Every day, dentists all over the country will call their accountants or other advisers and say, “I feel I’m not doing well.” When these same dentists are subsequently asked about the status of their practice’s production, collections, overhead, new patient visits, total patient visits, and recall activity, the response most often given is, “I don’t know.” Not knowing the numbers leads to feelings of helplessness and frustration. It will ultimately result in dental practice owners making uninformed decisions based on subjective judgment.
Taking X-rays of a patient’s mouth in order to carefully identify problems and craft the most effective treatment plan is fundamental to the practice of clinical dentistry. No less should be done in the identification and development of the most effective means of solving business problems.
Whether it’s a clinical or business situation, diagnosing the problem and planning possible future courses of action is, in and of itself, a comforting exercise. The equivalent diagnostic tool of an X-ray in the business setting is the practice’s numbers. A good handle on the numbers and what they indicate allow one to take the most effective business steps in matters of staffing, facility enlargement, moving the practice, adding an associate or selling a dental practice.
Despite the obviously positive implications for practice profitability and value, many dentists are reluctant to raise fees in the years leading up to the sale of their dental practice. Most of these prospective sellers are winding down their careers, and thus believe themselves to be financially sound, and are reluctant to “burden” their patients with fee increases.
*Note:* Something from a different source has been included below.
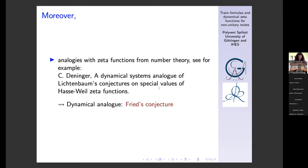Furthermore, there are analogies with zeta functions from number theory. A very nice article is one by Deninger — a dynamical systems analog of Lichtenbaum's conjecture on special values of Hasse-Weil zeta functions — where the Hasse-Weil zeta function and the Lichtenbaum conjecture on special values are discussed, along with a dynamical analog. This leads to the Fried conjecture, which I would like to refer to in the second part of my talk. The Fried conjecture concerns special values of the Ruelle zeta function, in particular its central value at zero, and connections to spectral or topological invariants.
However, a dentist who has not raised fees for 36 months passes on a need for a 9% fee increase if the buyer is to make up ground lost to inflation alone.
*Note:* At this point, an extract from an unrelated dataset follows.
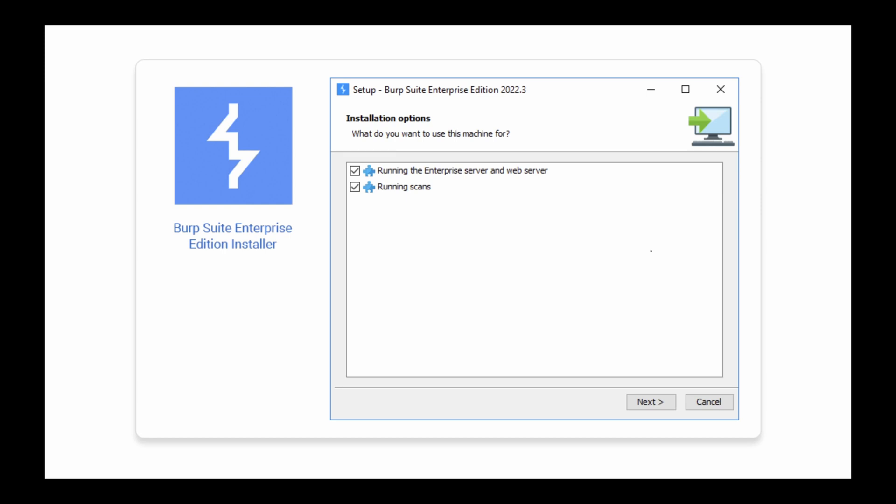You should consider whether you want to run scans from the Enterprise Server machine before you install, as you will be asked which Enterprise components you want to install on that machine during installation.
“Who cares what the former owner did or didn’t do with the fee levels of the practice? The buyer can fix that problem!” Unfortunately, it’s not that simple. Even in instances where buyers increase fees as a necessary act to cover ground lost by the seller to inflation, the mere act of increasing fees is often viewed by the patients and staff of the practice as a negative act rather than the appropriate adjustment to market. As a result, buyers will rarely purchase a dental practice with fee increases as a key element of their dental transition plan. Rather, they will make a discounted offer for the practice such that the fee structure in place is justified, by the price paid for the practice. In other words, dentists who have been reluctant to keep the level of their fees in line with the quality and method of their approach to dental care delivery, and in line with inflationary increases, end up paying for this lack of vigilance twice — once in the reduced practice income while they operated it, and the second time in the form of the reduced price for which the dental practice is sold.
Dental practices netting 40% or more before compensation for professional dental services are in the highest demand. These practices are most likely to ensure compensation of 28% to 30% for the doctor and leave 13% to 15% for debt service and capital improvements. Very often practices put up for sale net less than 40% because their fees are below market for their area. Most buyers are not interested in purchasing a seller’s problems. Therefore, sellers need to correct over-staffing, as well as staff compensation and fee schedule problems before they sell a dental practice. The alternative, as previously noted, is for sellers to accept significantly discounted values for their practices.
Some sellers think that patients will leave if fees are increased. In fact, less than 10% of patients will even notice a fee increase from $650 to $710. The same fee increase made by the seller will result in less than 1% of the patients making an issue of the increase, while the same very reasonable and appropriate change made by the buyer typically creates a real sense of outrage and confusion for a majority of both the staff and patients of the practice.